Below are some principles of integrity, as derived from the Code of Conduct which outline important rules of behaviour to guide decision-making in the public sphere in order to standardise the service delivered to and received by all citizens. Public Officials must:-
Perform their functions and administer public resources in an effective and efficient manner. Be fair and impartial in exercising their public duty. Afford no undue preferential treatment to any group or individual. Arrange their private interests in such a manner so as to maintain public confidence and trust in their integrity. Not use their office for the improper advancement of their own or their family’s personal or financial interest or the interest of any person.
Not engage in any transaction that is incompatible with their office, function and duty. Not use public property or services for activities not related to their official work. Not, either directly or indirectly, use their office for private gain. Not use public funds in disregard of the Financial Orders or other regulations applicable to such funds. Not accept a fee, gift or personal benefit that is connected directly or indirectly with the performance of their duties.
Not use information gained in the execution of their office and which is not available to the general public to further private interests (insider information). Not use their office to influence a decision made by another person or public body to further private interests (influence). Keep all matters of a confidential nature, confidential even after separation from the service (confidentiality).
Disclose their interest and disqualify themselves from any decision-making process where there is a possible or perceived conflict of interest (conflict of interest). The principles outlined as well as the sanctions for failure to adhere to them will be further explored in the future.

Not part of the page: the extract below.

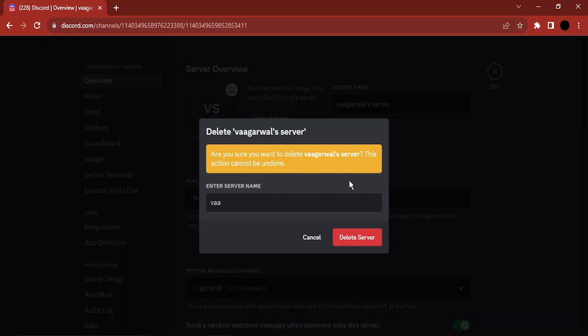Just select that option. You would be prompted to enter the server name as it is, so I am just going to enter the same name of the server.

It must be remembered, however, that Public Officials must treat with a diverse array of situations while performing their official duties. Often, even with the guidance of a written Code of Conduct, doing the right thing is not clear and straightforward.
The Act affords Persons in Public Life and persons exercising public functions the opportunity to seek the opinion and recommendations of the Integrity Commission on any matter respecting their own obligations under Section 36 of the Act. Therefore, when confronted with thorny or difficult issues, before acting, persons may seek the opinion and recommendations of the Commission who will give an advice that is privileged information and may be released only with the consent of the person making the application.